#### MATERIAL PROVIDED
=== Section Start ===

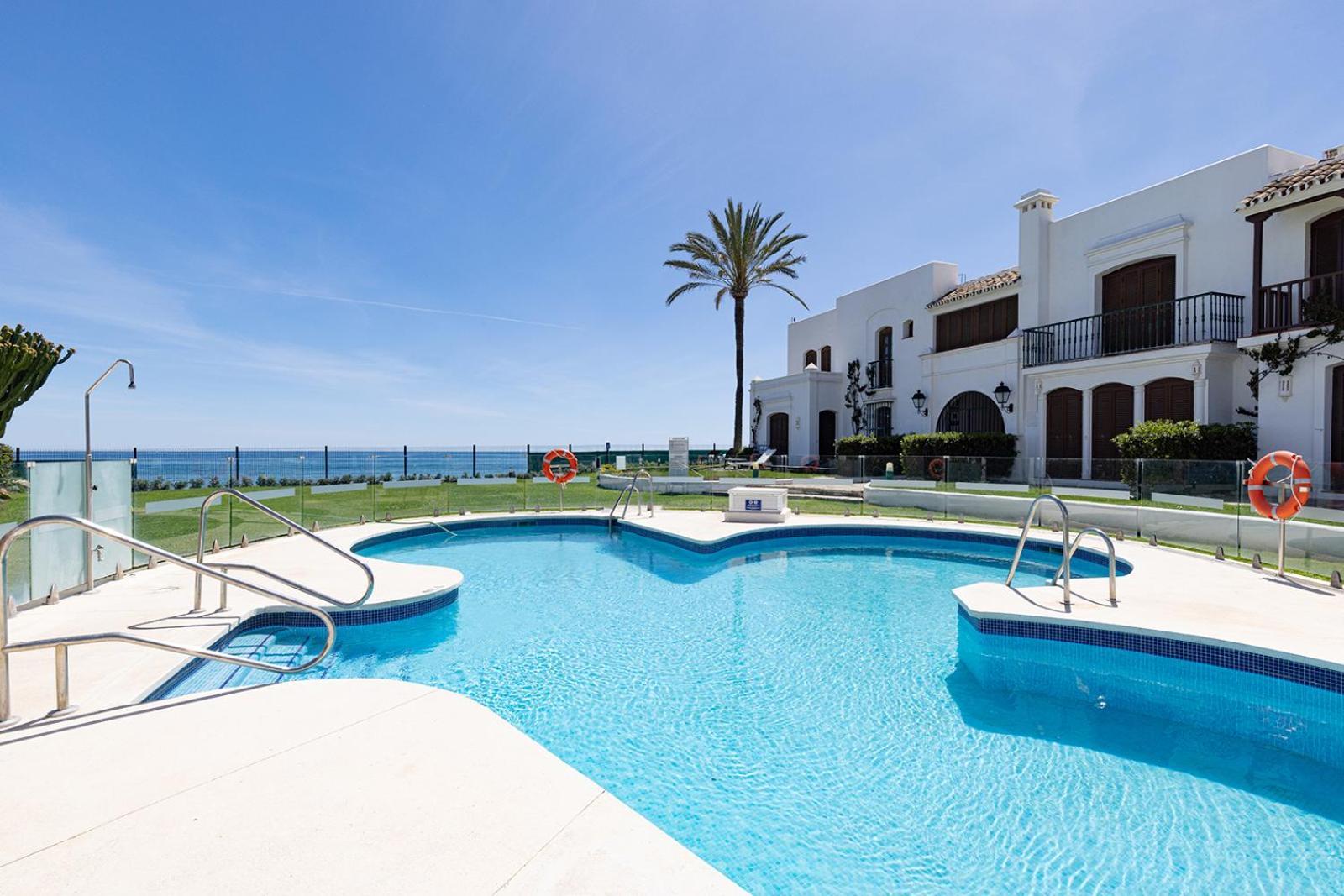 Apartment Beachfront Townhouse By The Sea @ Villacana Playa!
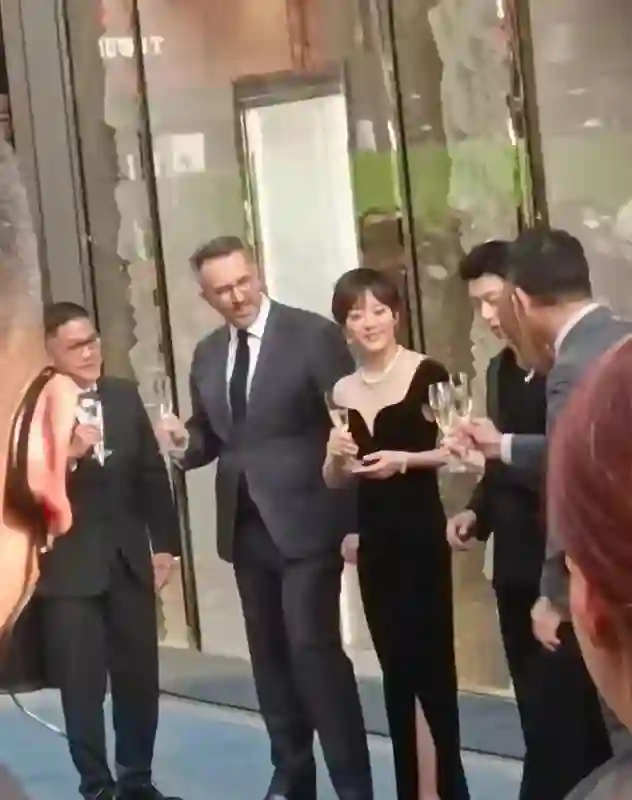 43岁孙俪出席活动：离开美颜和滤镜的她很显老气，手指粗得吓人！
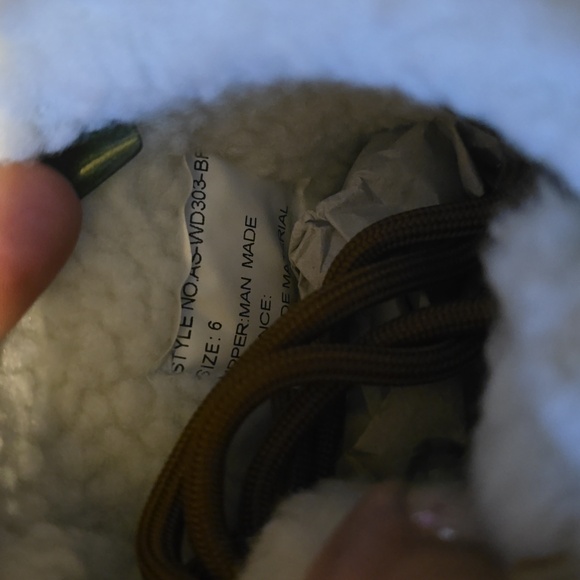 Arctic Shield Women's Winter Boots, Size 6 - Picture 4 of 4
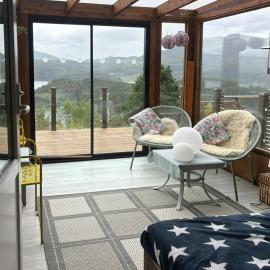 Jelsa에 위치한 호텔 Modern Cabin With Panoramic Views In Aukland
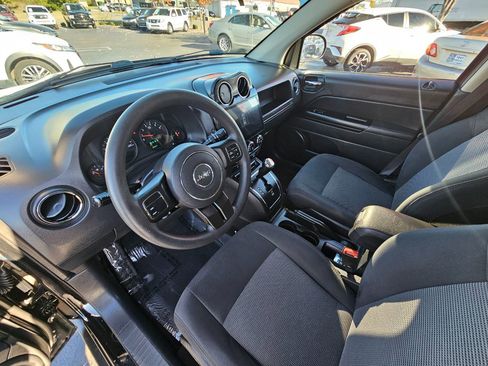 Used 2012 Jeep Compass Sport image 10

=== Section End ===
=== Section Start ===

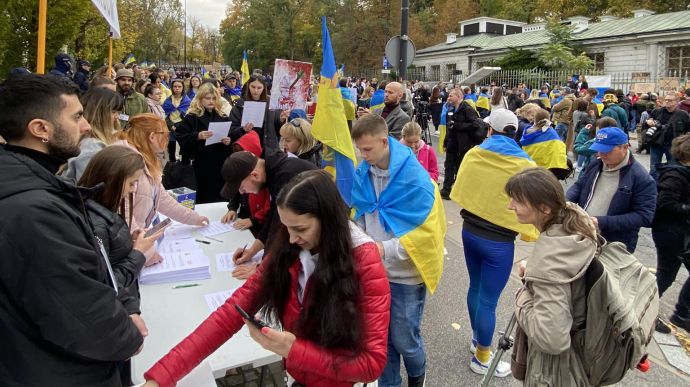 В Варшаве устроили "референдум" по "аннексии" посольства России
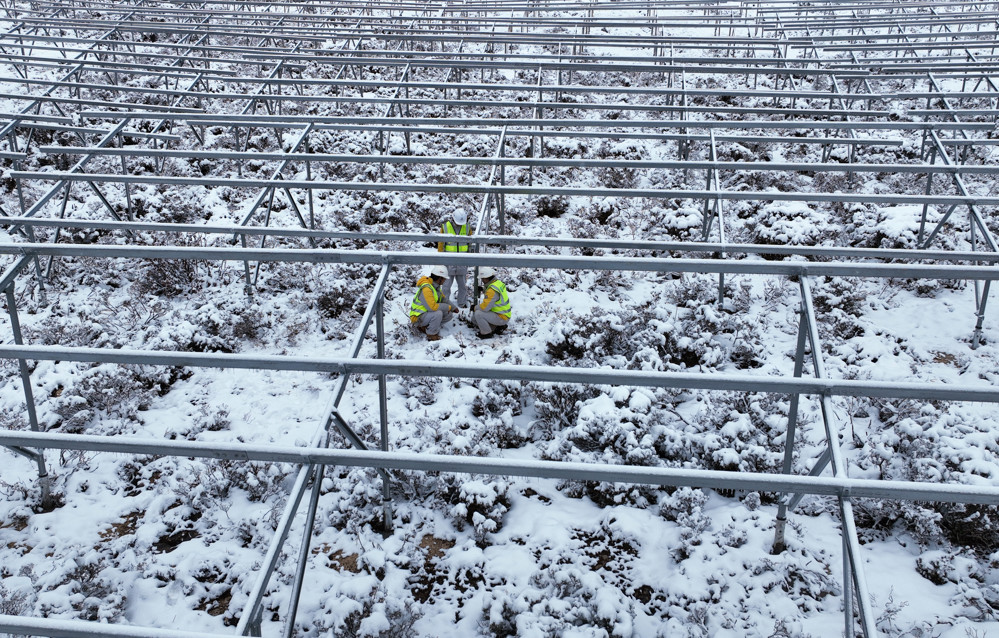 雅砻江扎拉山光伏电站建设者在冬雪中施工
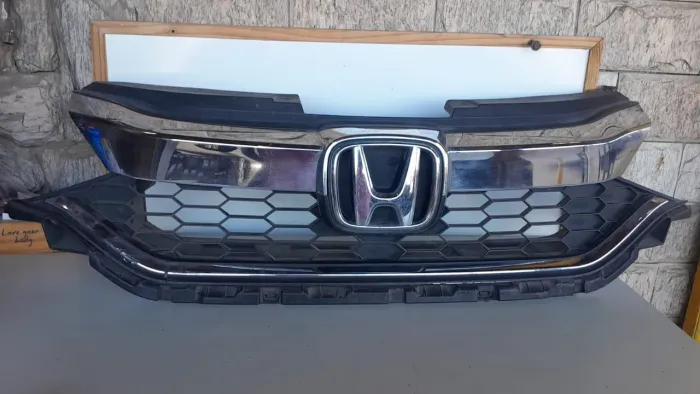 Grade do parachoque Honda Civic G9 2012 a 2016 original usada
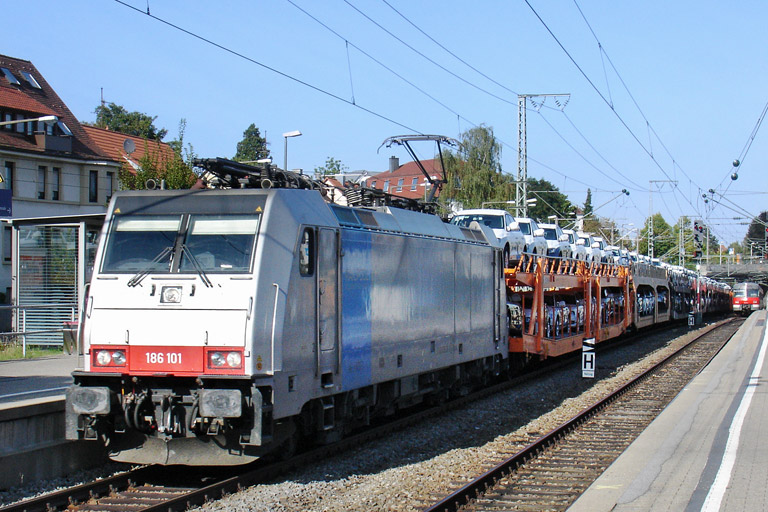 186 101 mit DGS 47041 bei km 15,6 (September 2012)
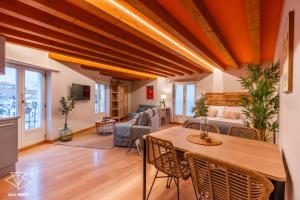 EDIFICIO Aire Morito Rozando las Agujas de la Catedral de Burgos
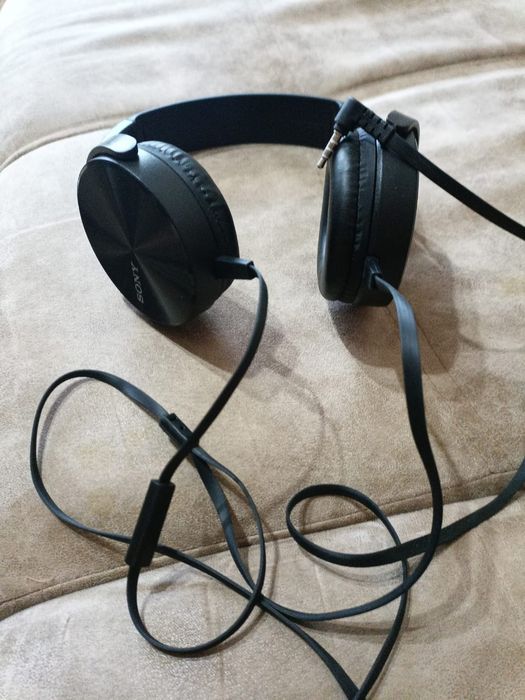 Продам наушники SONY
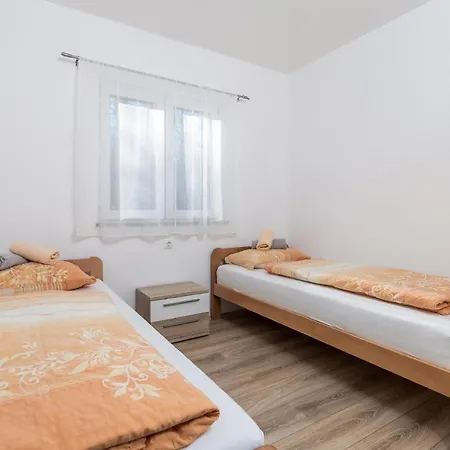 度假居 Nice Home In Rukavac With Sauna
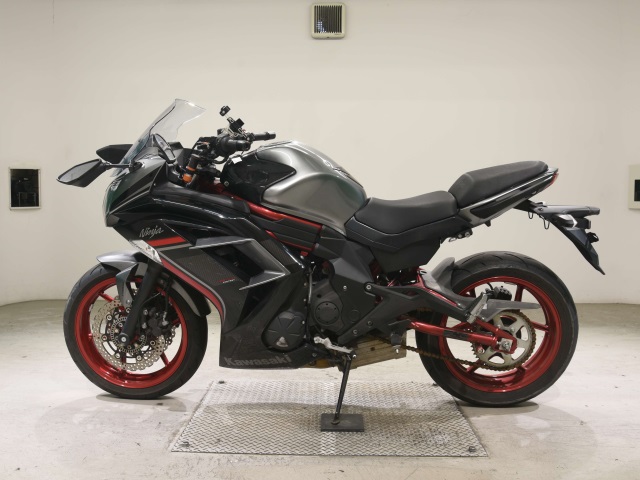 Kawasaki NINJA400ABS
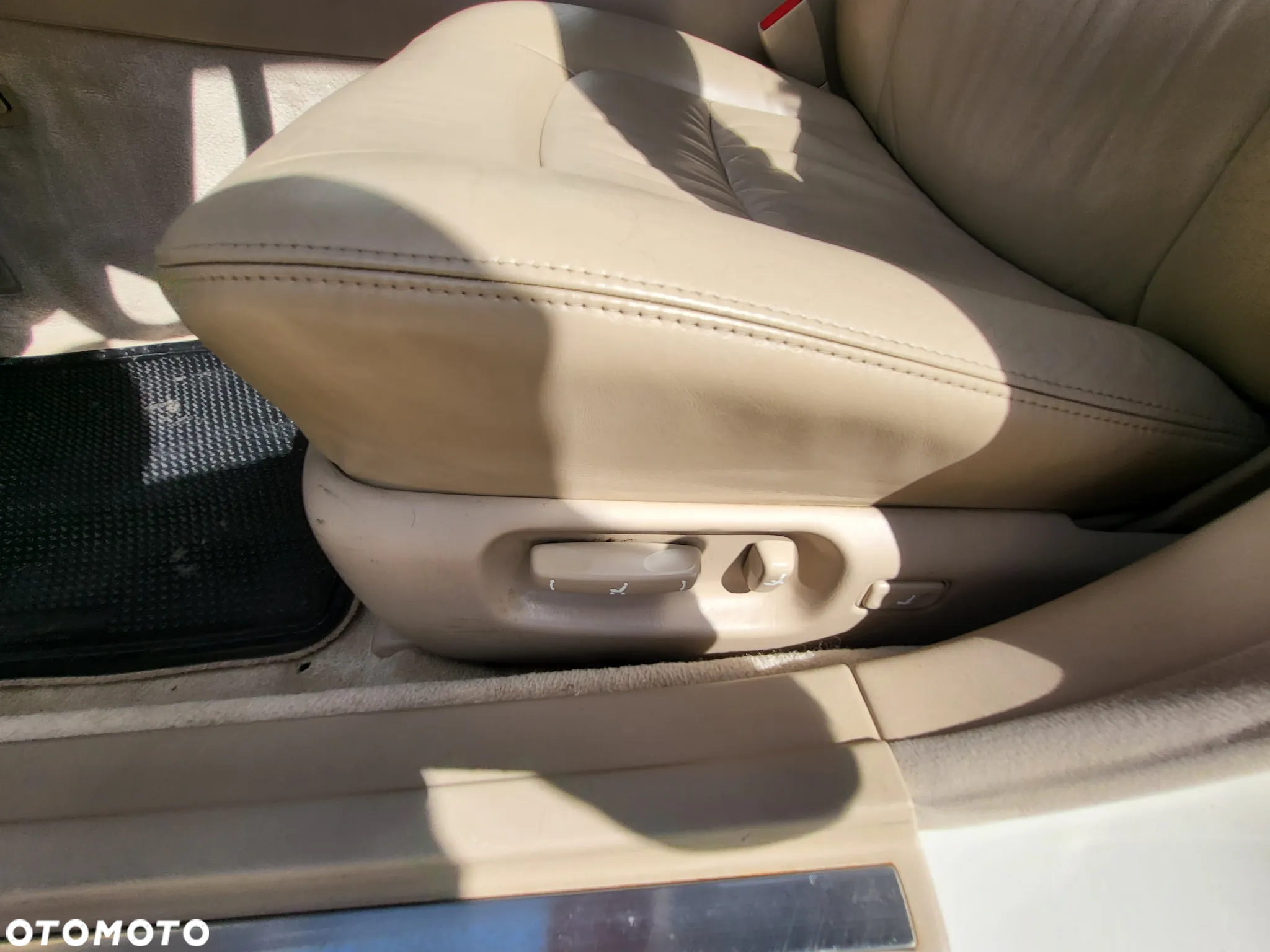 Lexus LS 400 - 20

=== Section End ===

#### ACTIVITY
Repeat, without pictures, exactly the lines of the data above from the one containing "186 101 mit" through the one containing "Lexus LS 400 - 20", including both and adding nothing.

#### WRITTEN ANSWER
 186 101 mit DGS 47041 bei km 15,6 (September 2012)
 EDIFICIO Aire Morito Rozando las Agujas de la Catedral de Burgos
 Продам наушники SONY
 度假居 Nice Home In Rukavac With Sauna
 Kawasaki NINJA400ABS
 Lexus LS 400 - 20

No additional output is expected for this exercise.